Studio album by Roberto Carlos
- Released: 1991
- Recorded: 1991
- Genre: Latin pop
- Language: Spanish
- Label: Sony Discos
- Producer: Roberto Livi

Roberto Carlos chronology
| Roberto Carlos '88 (1988) | Roberto Carlos 1992 (1991) | Roberto Carlos (1992) |

Singles from Roberto Carlos 1992
- "Si Piensas, Si Quieres" Released: 1991; "Adónde Andarás Paloma" Released: 1991; "Por Ella" Released: 1991;

= Roberto Carlos 1992 =

Roberto Carlos 1992 or Roberto Carlos (Súper Héroe) is a studio album recorded by Brazilian singer-songwriter Roberto Carlos, It was released by Sony Discos in late 1991 (see 1991 in music).
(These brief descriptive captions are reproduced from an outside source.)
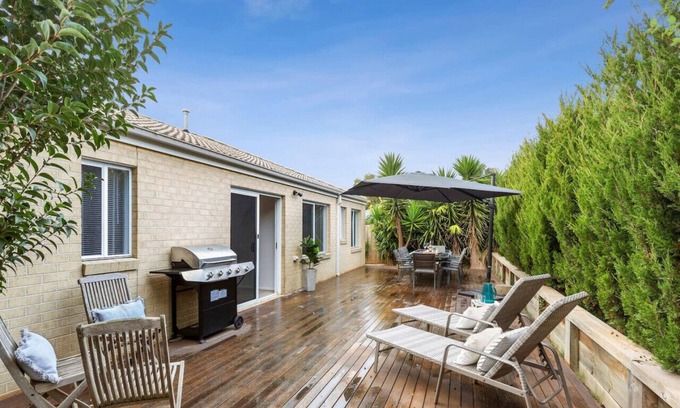Ocean Grove House | Haven in Grove- Family beach getaway! Cosy- modern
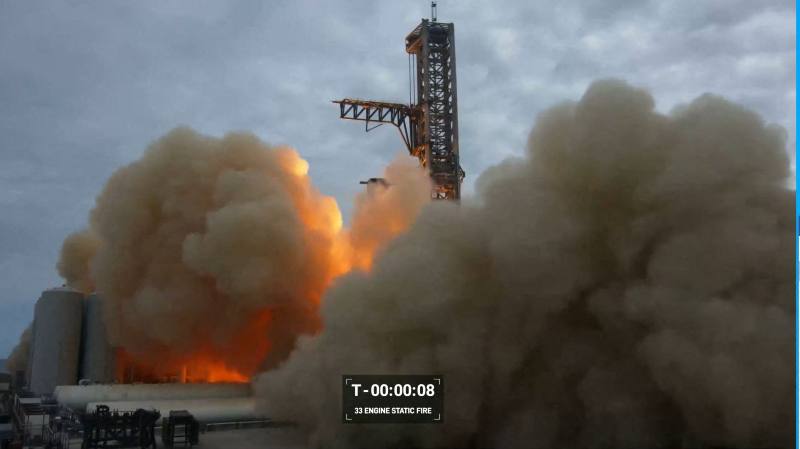 Esta captura de fotograma de un video proporcionado por SpaceX muestra una prueba de encendido el 9 de febrero de 2023 de los enormes motores del cohete más poderoso jamás construido. Foto: archivo / AFP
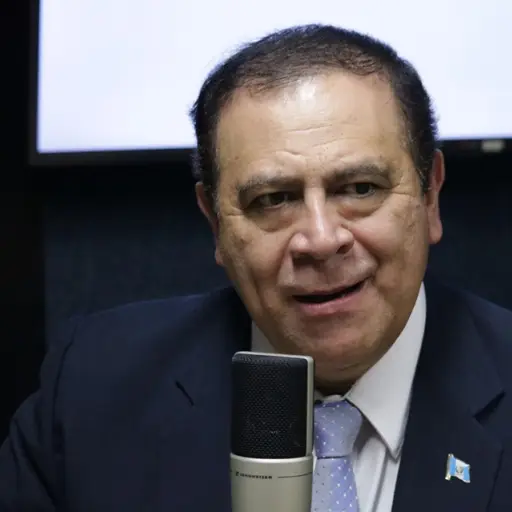 El candidato presidencial Luis Velásquez habló de su propuesta política.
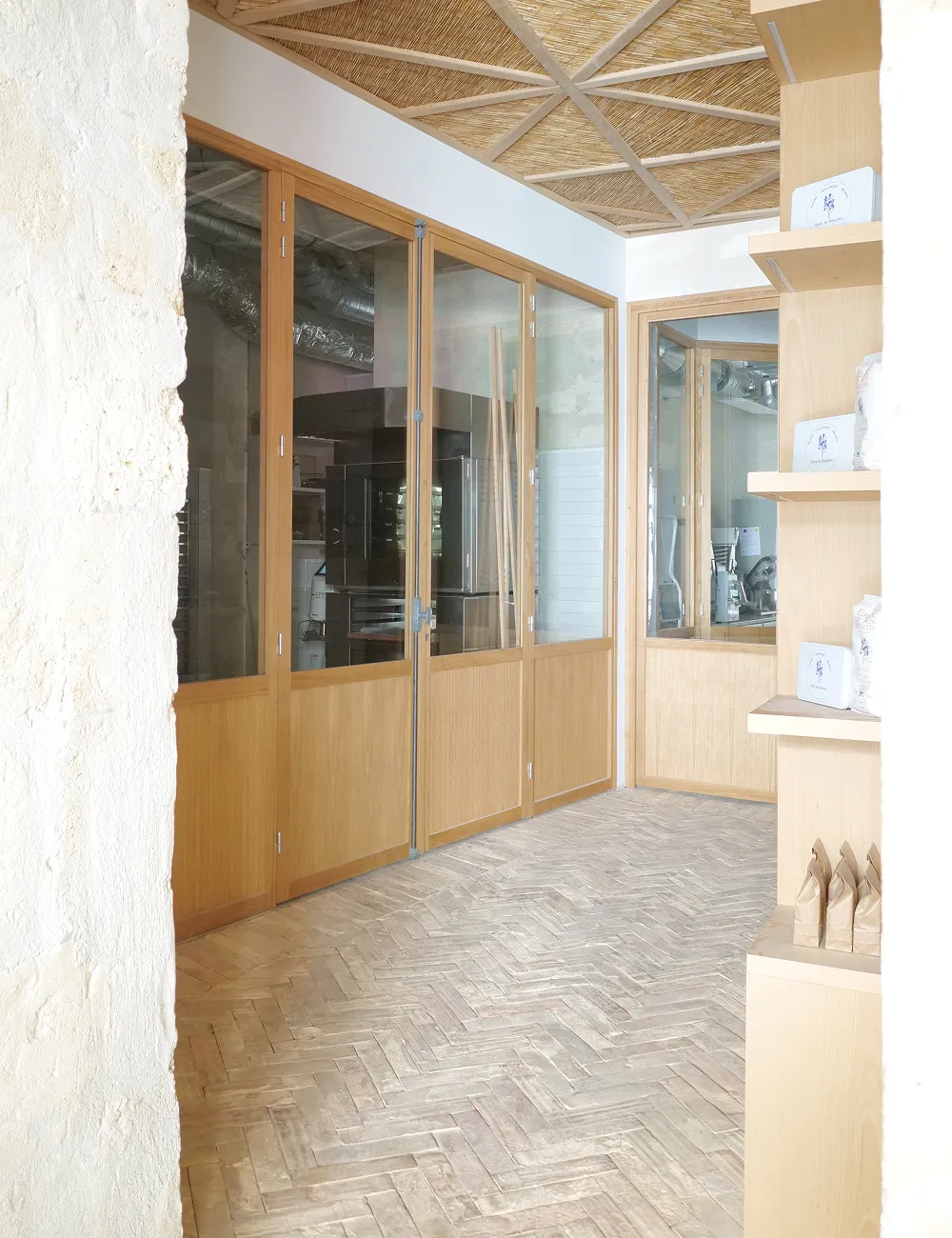 verrière intérieure en bois dans une boulangerie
The album was produced by Roberto Livi and includes the number-one single in the Billboard Top Latin Songs chart "Si Piensas, Si Quieres", a duet with Spanish singer Rocío Dúrcal. The album was certified double platinum in Brazil.

==Track listing==

Source:

| No. | Title | Writer(s) | Length |
|---|---|---|---|
| 1. | "Súper Héroe (Super Hero)" | Erasmo Carlos, Roberto Carlos, Richard O'Brien |  |
| 2. | "Adónde Andarás Paloma (Where Would You Be, My Love)" | Roberto Livi |  |
| 3. | "Si Piensas, Si Quieres (If You Think So, If You Want To)" (Duet with Rocío Dúrcal) | Livi, Alejandro Vezzani | 3:53 |
| 4. | "Estos Celos (This Jealousy)" | Paul Massadas, Michael Sullivan |  |
| 5. | "Quiero Paz (I Want Peace)" | R. Carlos, E. Carlos |  |
| 6. | "Una Casita Blanca (A Little White House)" | Livi |  |
| 7. | "Por Ella (For Her)" | José Soto |  |
| 8. | "Una en un Millón (One In A Million)" | Livi, Vezzani |  |
| 9. | "El Sexo y Mi Corazón (Sex and My Heart)" | R. Carlos, E. Carlos |  |
| 10. | "Pobre de Quien Quiera Amarme Después de Tí (Sorry for The One Who Loves Me After You)" | R. Carlos, E. Carlos |  |

==Chart performance==

| Chart (1992) | Peak position |
|---|---|
| US Billboard Latin Pop Albums | 7 |

==Certifications==

Certifications for "Roberto Carlos 1992"
| Region | Certification | Certified units/sales |
| Brazil (Pro-Música Brasil) | 2× Platinum | 500,000^{*} |
^{*} Sales figures based on certification alone.